• [Problem details]:
Repeat each line of the data below exactly, but skip the pictures.

• [Source information]:
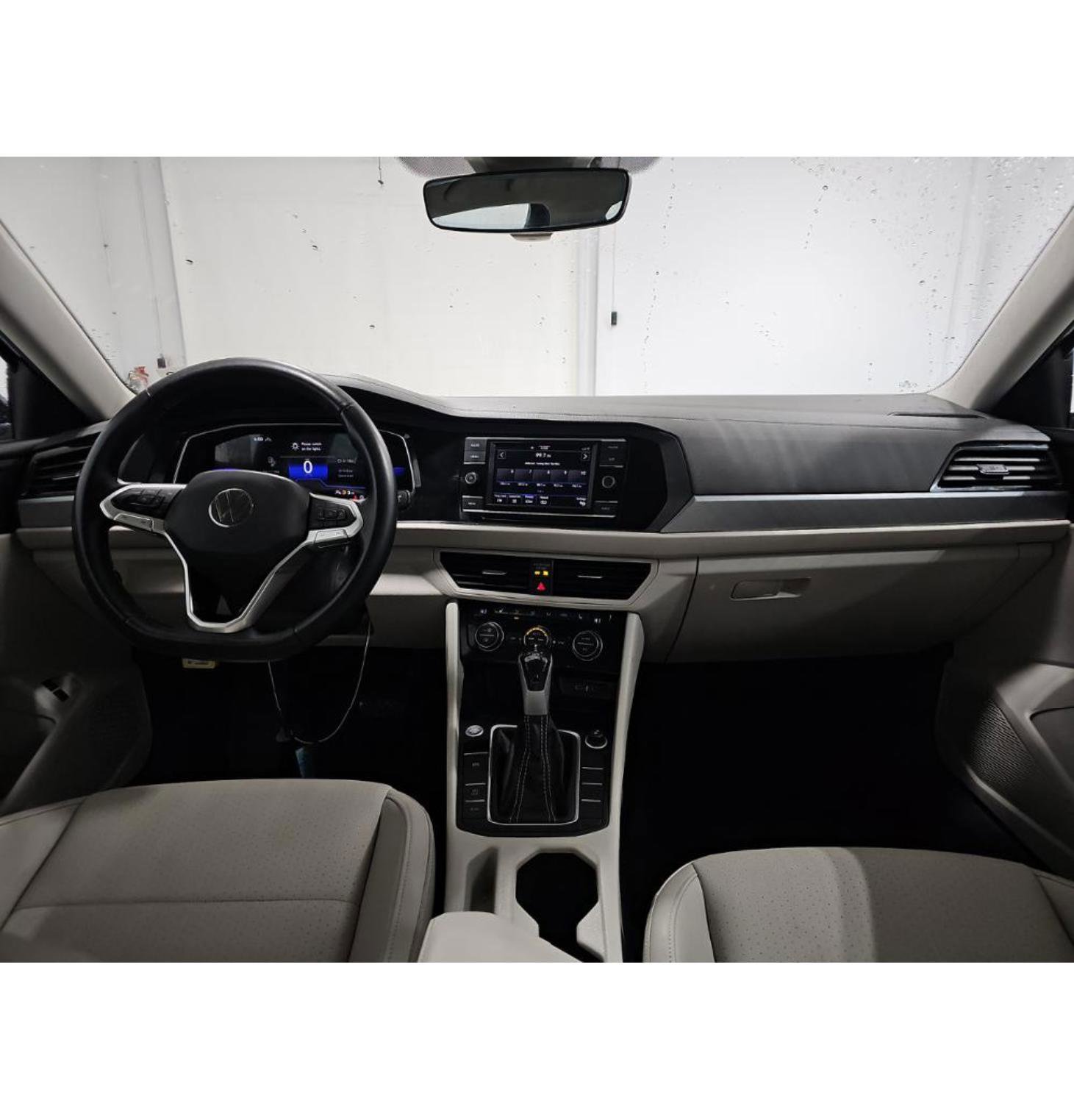 Used 2023 Volkswagen Jetta SE image 7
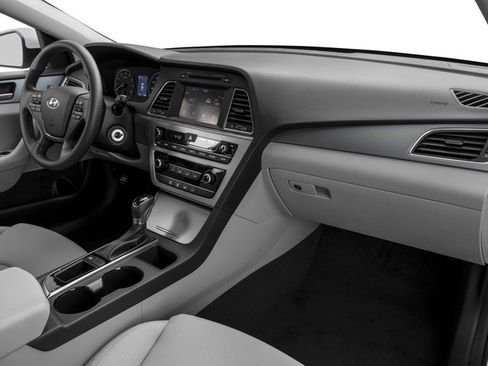 Used 2016 Hyundai Sonata SE FWD image 18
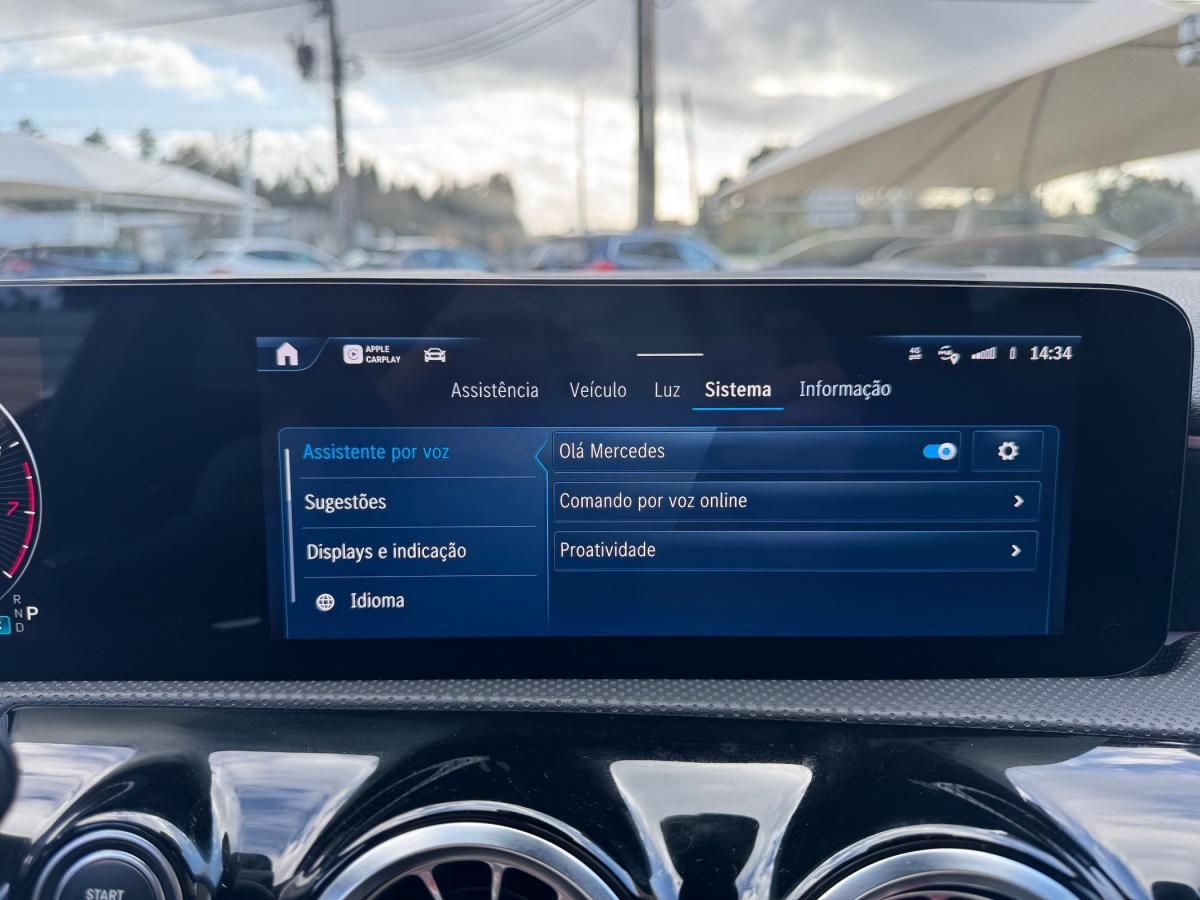 mercedes-benz-classe-a-2023-gasolina-1332cc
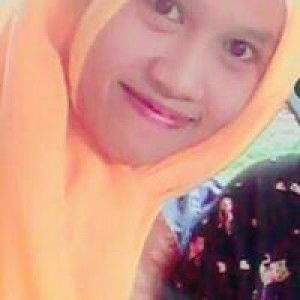 Anisa Oktafiyani She Ica'Niza profile icon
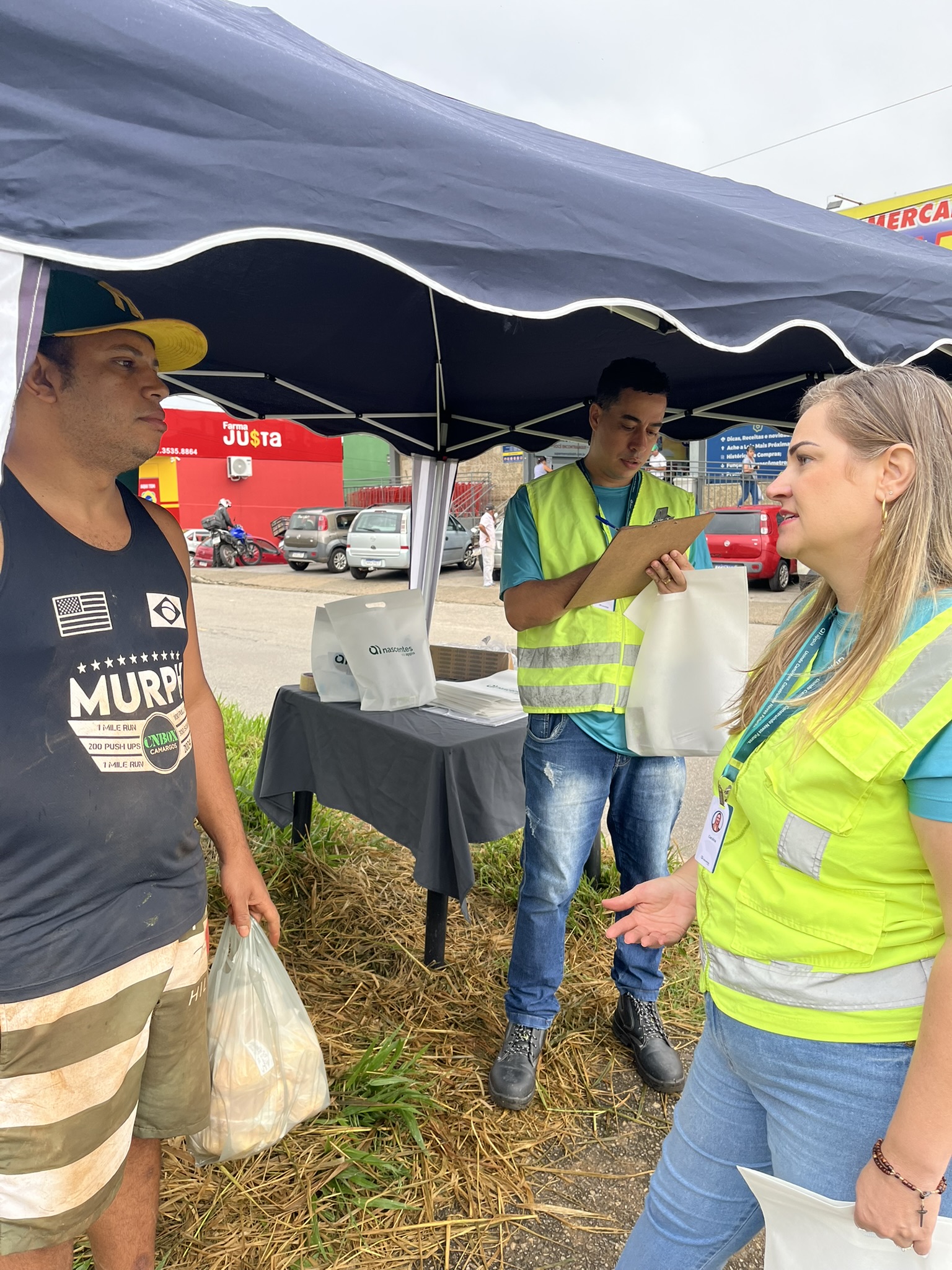 MG – Ação “Pedestre na Via” leva orientação e conscientização a usuários, em Juatuba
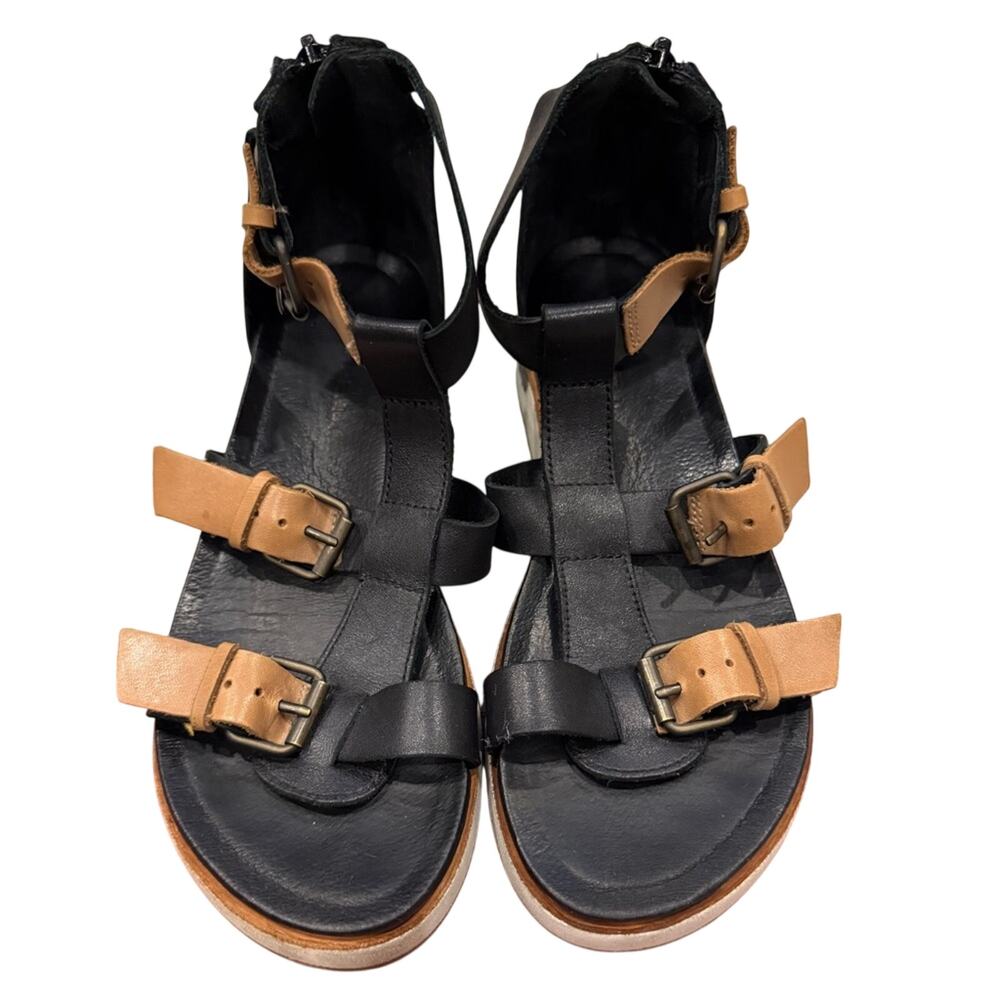 Merrell Black and Tan Women's Sandals size 6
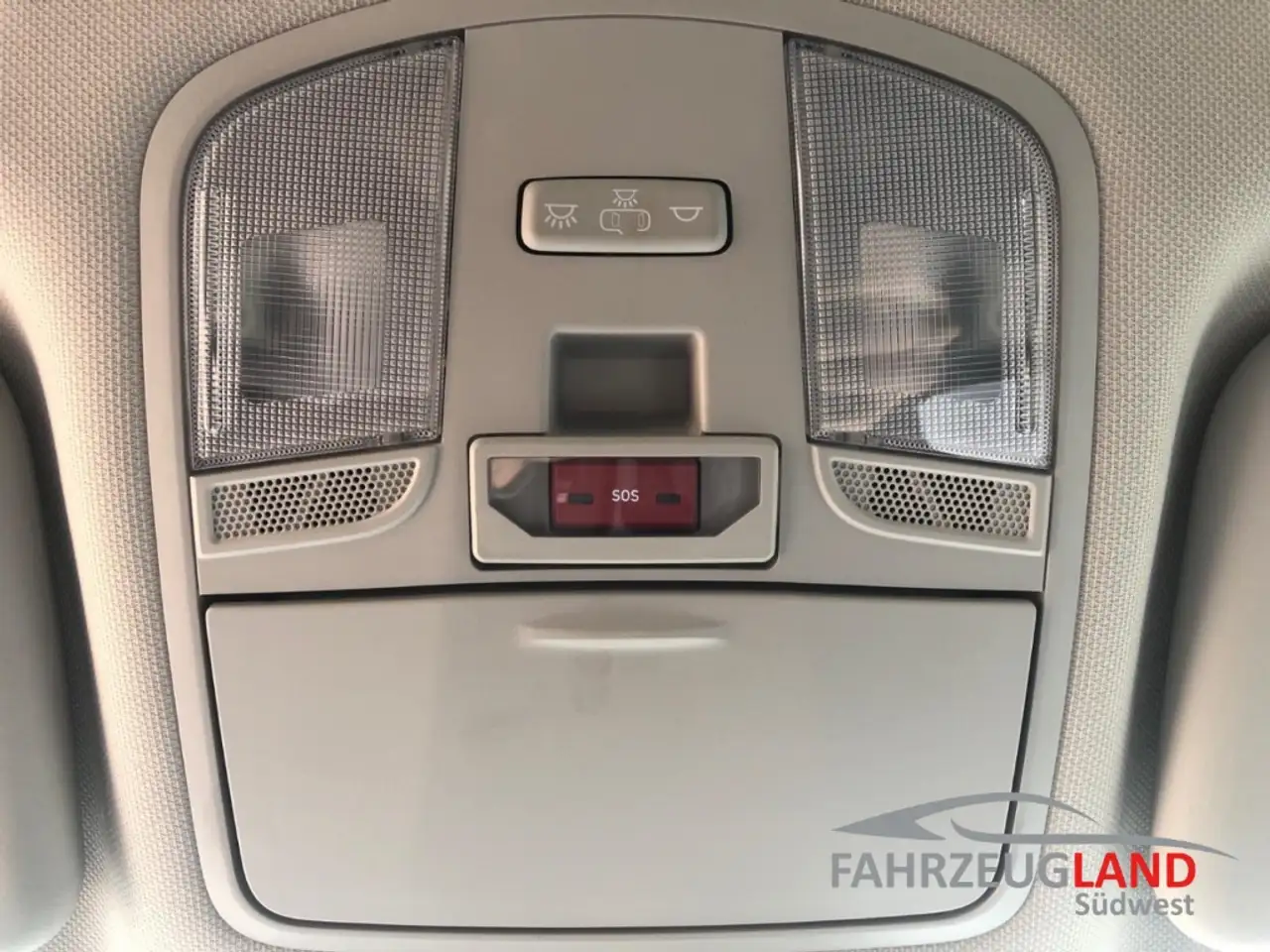Hyundai i30 cw Trend Mild-Hybrid Navi 7G-DCT LED Klimaatm. Rüc — Galería del vehículo 18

• [Result below]:
 Used 2023 Volkswagen Jetta SE image 7
 Used 2016 Hyundai Sonata SE FWD image 18
 mercedes-benz-classe-a-2023-gasolina-1332cc
 Anisa Oktafiyani She Ica'Niza profile icon
 MG – Ação “Pedestre na Via” leva orientação e conscientização a usuários, em Juatuba
 Merrell Black and Tan Women's Sandals size 6
Hyundai i30 cw Trend Mild-Hybrid Navi 7G-DCT LED Klimaatm. Rüc — Galería del vehículo 18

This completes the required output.